REQUIREMENT ▸ Once the pictures are set aside, reproduce the entries below exactly.

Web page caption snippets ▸
.....

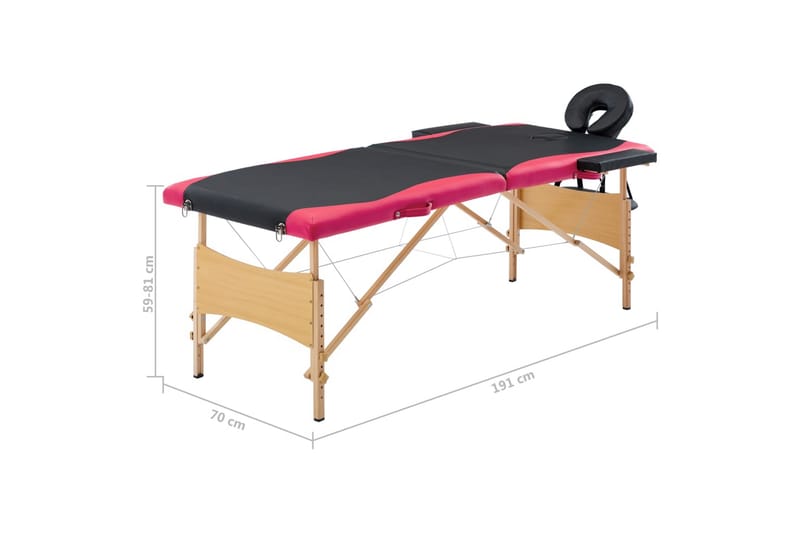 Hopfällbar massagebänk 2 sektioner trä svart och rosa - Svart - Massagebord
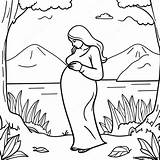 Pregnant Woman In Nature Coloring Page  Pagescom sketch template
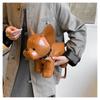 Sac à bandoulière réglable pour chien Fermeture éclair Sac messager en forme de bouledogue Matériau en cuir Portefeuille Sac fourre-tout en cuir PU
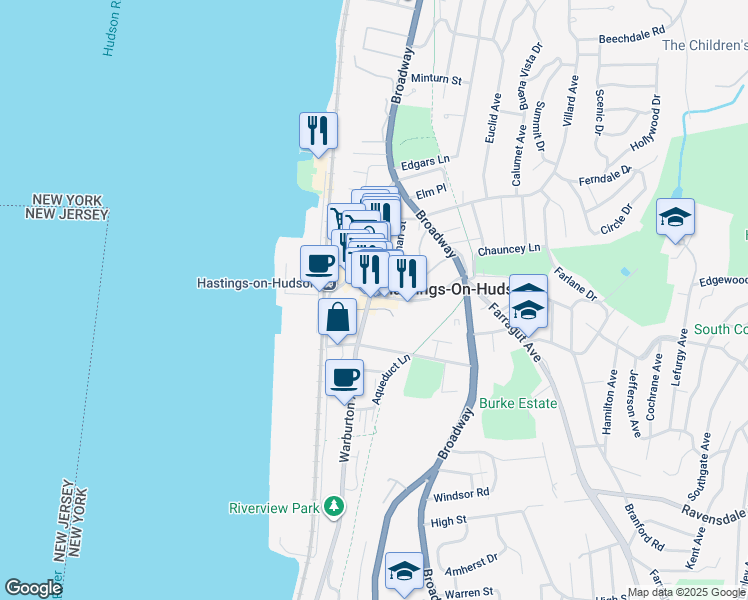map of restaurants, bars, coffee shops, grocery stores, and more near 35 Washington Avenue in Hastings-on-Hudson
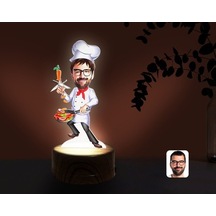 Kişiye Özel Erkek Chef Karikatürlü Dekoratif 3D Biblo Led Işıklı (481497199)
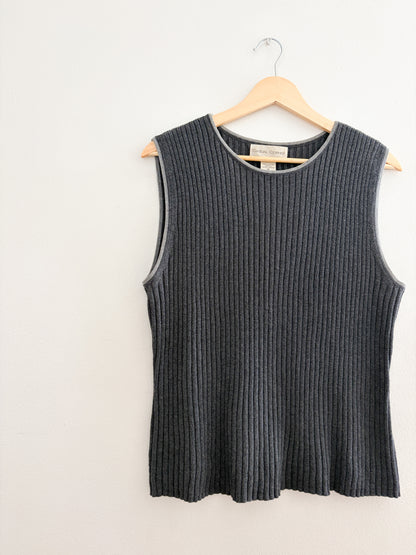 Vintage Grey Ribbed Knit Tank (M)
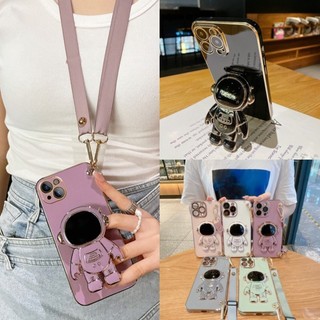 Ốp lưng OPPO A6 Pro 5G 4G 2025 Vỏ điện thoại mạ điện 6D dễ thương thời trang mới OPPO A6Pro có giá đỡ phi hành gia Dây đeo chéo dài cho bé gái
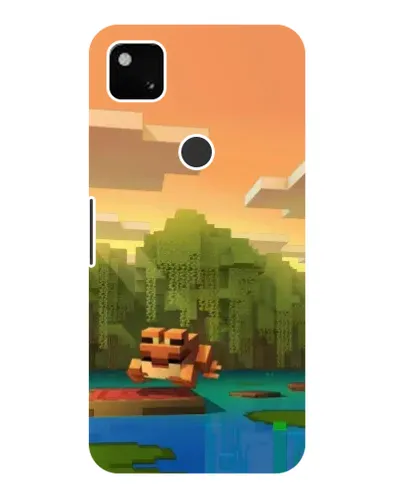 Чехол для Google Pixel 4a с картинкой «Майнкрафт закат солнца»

.....

ANSWER FOR THIS EXERCISE ▸
 Hopfällbar massagebänk 2 sektioner trä svart och rosa - Svart - Massagebord
 Pregnant Woman In Nature Coloring Page  Pagescom sketch template
 Sac à bandoulière réglable pour chien Fermeture éclair Sac messager en forme de bouledogue Matériau en cuir Portefeuille Sac fourre-tout en cuir PU
map of restaurants, bars, coffee shops, grocery stores, and more near 35 Washington Avenue in Hastings-on-Hudson
 Kişiye Özel Erkek Chef Karikatürlü Dekoratif 3D Biblo Led Işıklı (481497199)
 Vintage Grey Ribbed Knit Tank (M)
 Ốp lưng OPPO A6 Pro 5G 4G 2025 Vỏ điện thoại mạ điện 6D dễ thương thời trang mới OPPO A6Pro có giá đỡ phi hành gia Dây đeo chéo dài cho bé gái
 Чехол для Google Pixel 4a с картинкой «Майнкрафт закат солнца»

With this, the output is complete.